• [Directions for this task] Print out the records below with nothing altered.
━━ Material shown
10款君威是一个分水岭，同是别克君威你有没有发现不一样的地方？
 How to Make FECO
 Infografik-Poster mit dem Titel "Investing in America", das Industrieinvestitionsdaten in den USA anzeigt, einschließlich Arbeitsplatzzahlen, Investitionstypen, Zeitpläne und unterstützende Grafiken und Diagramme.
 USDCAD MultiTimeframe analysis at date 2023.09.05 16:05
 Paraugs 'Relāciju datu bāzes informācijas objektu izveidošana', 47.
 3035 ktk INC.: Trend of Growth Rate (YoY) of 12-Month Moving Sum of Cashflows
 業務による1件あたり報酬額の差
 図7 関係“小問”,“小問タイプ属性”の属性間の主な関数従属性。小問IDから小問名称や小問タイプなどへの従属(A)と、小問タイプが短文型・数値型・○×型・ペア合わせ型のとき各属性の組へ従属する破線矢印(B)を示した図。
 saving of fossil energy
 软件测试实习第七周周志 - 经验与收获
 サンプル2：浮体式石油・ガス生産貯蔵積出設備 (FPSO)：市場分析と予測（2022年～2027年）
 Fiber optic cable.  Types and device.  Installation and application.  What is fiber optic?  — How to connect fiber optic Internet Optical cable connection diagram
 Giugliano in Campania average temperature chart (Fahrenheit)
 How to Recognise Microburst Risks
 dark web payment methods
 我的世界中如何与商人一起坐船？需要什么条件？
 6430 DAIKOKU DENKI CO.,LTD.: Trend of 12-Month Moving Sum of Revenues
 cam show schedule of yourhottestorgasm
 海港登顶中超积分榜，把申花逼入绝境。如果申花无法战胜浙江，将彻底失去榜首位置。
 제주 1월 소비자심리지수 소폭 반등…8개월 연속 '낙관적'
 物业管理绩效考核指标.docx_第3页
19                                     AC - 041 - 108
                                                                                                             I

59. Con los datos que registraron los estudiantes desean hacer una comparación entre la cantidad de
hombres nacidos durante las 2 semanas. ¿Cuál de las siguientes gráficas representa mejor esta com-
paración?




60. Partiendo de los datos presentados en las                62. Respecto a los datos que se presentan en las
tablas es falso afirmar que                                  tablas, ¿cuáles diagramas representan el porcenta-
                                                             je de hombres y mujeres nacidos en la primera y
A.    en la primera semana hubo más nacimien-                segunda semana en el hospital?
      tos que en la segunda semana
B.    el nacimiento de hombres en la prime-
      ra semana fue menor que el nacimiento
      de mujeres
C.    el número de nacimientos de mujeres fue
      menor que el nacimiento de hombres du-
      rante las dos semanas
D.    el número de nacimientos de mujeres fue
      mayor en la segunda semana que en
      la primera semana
━━━━
• [Output]
10款君威是一个分水岭，同是别克君威你有没有发现不一样的地方？
 How to Make FECO
 Infografik-Poster mit dem Titel "Investing in America", das Industrieinvestitionsdaten in den USA anzeigt, einschließlich Arbeitsplatzzahlen, Investitionstypen, Zeitpläne und unterstützende Grafiken und Diagramme.
 USDCAD MultiTimeframe analysis at date 2023.09.05 16:05
 Paraugs 'Relāciju datu bāzes informācijas objektu izveidošana', 47.
 3035 ktk INC.: Trend of Growth Rate (YoY) of 12-Month Moving Sum of Cashflows
 業務による1件あたり報酬額の差
 図7 関係“小問”,“小問タイプ属性”の属性間の主な関数従属性。小問IDから小問名称や小問タイプなどへの従属(A)と、小問タイプが短文型・数値型・○×型・ペア合わせ型のとき各属性の組へ従属する破線矢印(B)を示した図。
 saving of fossil energy
 软件测试实习第七周周志 - 经验与收获
 サンプル2：浮体式石油・ガス生産貯蔵積出設備 (FPSO)：市場分析と予測（2022年～2027年）
 Fiber optic cable.  Types and device.  Installation and application.  What is fiber optic?  — How to connect fiber optic Internet Optical cable connection diagram
 Giugliano in Campania average temperature chart (Fahrenheit)
 How to Recognise Microburst Risks
 dark web payment methods
 我的世界中如何与商人一起坐船？需要什么条件？
 6430 DAIKOKU DENKI CO.,LTD.: Trend of 12-Month Moving Sum of Revenues
 cam show schedule of yourhottestorgasm
 海港登顶中超积分榜，把申花逼入绝境。如果申花无法战胜浙江，将彻底失去榜首位置。
 제주 1월 소비자심리지수 소폭 반등…8개월 연속 '낙관적'
 物业管理绩效考核指标.docx_第3页
19                                     AC - 041 - 108
                                                                                                             I

59. Con los datos que registraron los estudiantes desean hacer una comparación entre la cantidad de
hombres nacidos durante las 2 semanas. ¿Cuál de las siguientes gráficas representa mejor esta com-
paración?




60. Partiendo de los datos presentados en las                62. Respecto a los datos que se presentan en las
tablas es falso afirmar que                                  tablas, ¿cuáles diagramas representan el porcenta-
                                                             je de hombres y mujeres nacidos en la primera y
A.    en la primera semana hubo más nacimien-                segunda semana en el hospital?
      tos que en la segunda semana
B.    el nacimiento de hombres en la prime-
      ra semana fue menor que el nacimiento
      de mujeres
C.    el número de nacimientos de mujeres fue
      menor que el nacimiento de hombres du-
      rante las dos semanas
D.    el número de nacimientos de mujeres fue
      mayor en la segunda semana que en
      la primera semana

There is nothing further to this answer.